HART: Biden, his time
The field of Democratic presidential candidates is in disarray. How bad is it? It’s so bad that the encouraged and anticipated entry of Joe Biden couldn't make it any worse.
Joe Biden has been a perpetual punchline for the last seven years. He was put into his role as VP by President Obama apparently to dispel, forever, the notion of white supremacy. But compared to Bernie Sanders and the untrustworthy Hillary Clinton, Joe Biden looks like he belongs on Mount Rushmore.
Being Joe Biden is an ongoing indignity. He is known to insist on swimming nude daily and making his Secret Service agents watch. If he leads our military and the free world, I guess he will be the Commando-in-Chief.

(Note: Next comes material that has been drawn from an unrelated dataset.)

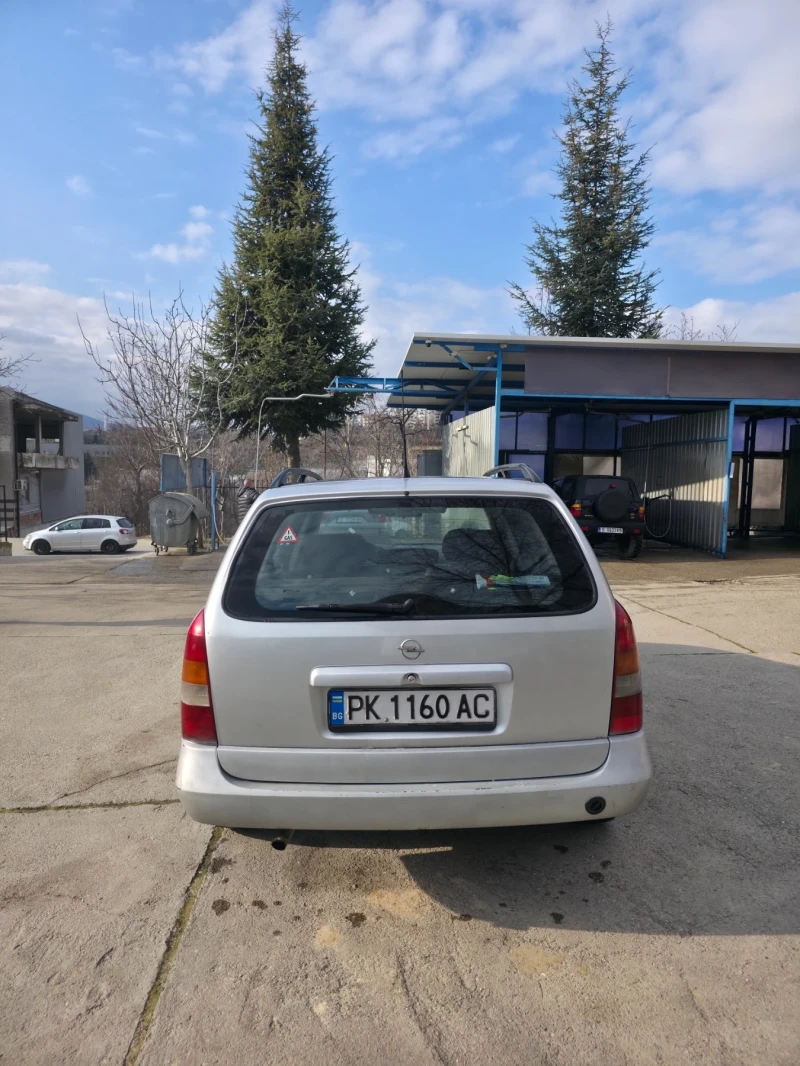 Opel Astra, снимка 2 - Автомобили и джипове - 53143838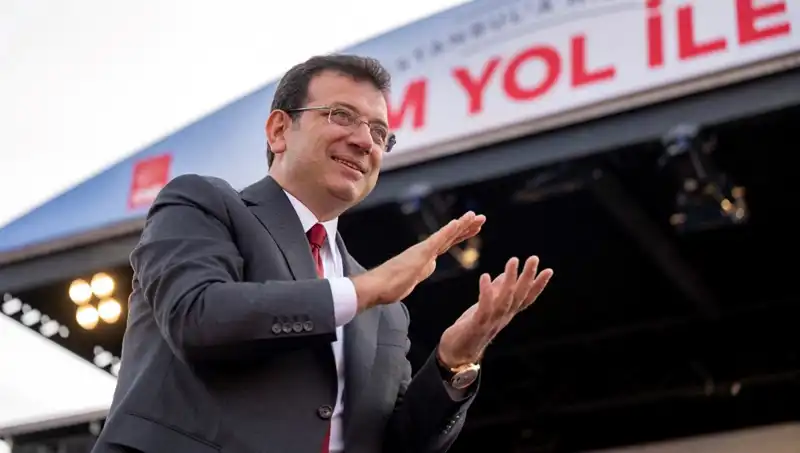 Başsavcıya Yapılan Tehdit Davasında Ekrem İmamoğlu Hakim Karşısında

And he is known for always being wrong. Until their drubbing in the last election, Biden maintained that the Democrats would hold the Senate. In his book "Duty," former Secretary of Defense Robert Gates boldly said, “I think he (Biden) has been wrong on nearly every major foreign policy and national security issue over that past four decades.”
But Biden touts his foreign affairs bona fides; this is puzzling, given what Secretary Gates said and Biden's implication that al-Qaeda had been defeated. This is the same Biden/Obama team who traded five Taliban leaders for one U.S. deserter, Bowe Bergdahl. Obama tried to include Joe Biden in the deal; the terrorists said “No way!”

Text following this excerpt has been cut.